Tree Traversal Level Order BFS in DSA Javascript - Time & Space Complexity
We want to understand how the time needed to visit all nodes in a tree grows as the tree gets bigger.
How does the number of steps change when the tree has more nodes?
Analyze the time complexity of the following code snippet.
function levelOrderBFS(root) {
if (!root) return [];
const queue = [root];
const result = [];
while (queue.length > 0) {
const node = queue.shift();
result.push(node.val);
if (node.left) queue.push(node.left);
if (node.right) queue.push(node.right);
}
return result;
}
This code visits every node in a binary tree level by level, from left to right.
Identify the loops, recursion, array traversals that repeat.
- Primary operation: The while loop that removes nodes from the queue and adds their children.

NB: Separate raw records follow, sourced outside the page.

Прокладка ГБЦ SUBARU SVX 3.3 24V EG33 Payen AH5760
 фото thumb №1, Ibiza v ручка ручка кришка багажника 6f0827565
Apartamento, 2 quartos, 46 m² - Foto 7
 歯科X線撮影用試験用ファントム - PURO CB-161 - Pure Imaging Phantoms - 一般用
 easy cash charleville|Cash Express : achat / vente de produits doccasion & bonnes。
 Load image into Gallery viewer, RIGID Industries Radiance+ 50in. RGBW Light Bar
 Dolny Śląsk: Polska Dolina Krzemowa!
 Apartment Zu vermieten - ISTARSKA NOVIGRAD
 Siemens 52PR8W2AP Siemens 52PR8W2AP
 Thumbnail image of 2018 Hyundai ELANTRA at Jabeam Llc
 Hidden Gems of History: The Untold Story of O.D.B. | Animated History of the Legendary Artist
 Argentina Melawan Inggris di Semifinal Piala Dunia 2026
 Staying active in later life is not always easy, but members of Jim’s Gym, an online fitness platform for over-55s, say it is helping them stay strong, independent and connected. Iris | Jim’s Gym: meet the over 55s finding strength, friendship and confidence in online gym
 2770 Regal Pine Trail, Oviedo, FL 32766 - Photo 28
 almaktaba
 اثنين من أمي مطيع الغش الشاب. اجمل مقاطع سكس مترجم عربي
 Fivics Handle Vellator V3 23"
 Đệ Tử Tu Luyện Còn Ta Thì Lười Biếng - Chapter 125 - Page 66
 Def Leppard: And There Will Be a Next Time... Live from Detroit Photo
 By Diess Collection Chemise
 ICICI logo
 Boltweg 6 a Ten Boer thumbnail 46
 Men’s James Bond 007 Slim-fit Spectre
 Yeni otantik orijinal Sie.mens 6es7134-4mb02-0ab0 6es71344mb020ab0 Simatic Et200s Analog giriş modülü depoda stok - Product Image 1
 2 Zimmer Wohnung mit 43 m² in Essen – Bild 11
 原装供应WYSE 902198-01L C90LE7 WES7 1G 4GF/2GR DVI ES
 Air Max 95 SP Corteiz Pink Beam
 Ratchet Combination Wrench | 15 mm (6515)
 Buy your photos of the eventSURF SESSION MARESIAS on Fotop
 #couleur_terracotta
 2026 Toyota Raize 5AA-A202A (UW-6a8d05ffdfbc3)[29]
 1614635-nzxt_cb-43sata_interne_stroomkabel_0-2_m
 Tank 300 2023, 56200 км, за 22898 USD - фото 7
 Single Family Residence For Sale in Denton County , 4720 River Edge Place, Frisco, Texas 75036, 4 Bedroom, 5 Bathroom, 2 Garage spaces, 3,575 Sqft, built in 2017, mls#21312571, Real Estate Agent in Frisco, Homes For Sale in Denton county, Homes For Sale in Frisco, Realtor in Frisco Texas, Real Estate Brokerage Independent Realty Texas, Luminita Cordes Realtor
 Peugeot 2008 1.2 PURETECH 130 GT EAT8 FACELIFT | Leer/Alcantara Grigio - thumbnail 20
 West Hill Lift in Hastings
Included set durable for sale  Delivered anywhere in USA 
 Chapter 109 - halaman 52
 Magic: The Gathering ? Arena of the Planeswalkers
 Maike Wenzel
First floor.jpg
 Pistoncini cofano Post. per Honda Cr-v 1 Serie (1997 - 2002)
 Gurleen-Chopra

- How many times: Once for each node in the tree, because each node is added and removed exactly once.
As the number of nodes grows, the steps to visit them all grow in the same way.
| Input Size (n) | Approx. Operations |
|---|---|
| 10 | About 10 visits and queue operations |
| 100 | About 100 visits and queue operations |
| 1000 | About 1000 visits and queue operations |
Pattern observation: The number of steps grows directly with the number of nodes.
Time Complexity: O(n)
This means the time to complete grows linearly with the number of nodes in the tree.
[X] Wrong: "Because of the nested if statements, the time complexity is more than linear."
[OK] Correct: Each node is still visited only once, and the if checks are simple conditions, so they do not multiply the total steps.
Understanding level order traversal helps you work with trees in many real problems, showing you can handle data step-by-step in a clear order.
"What if we used a recursive approach instead of a queue? How would the time complexity change?"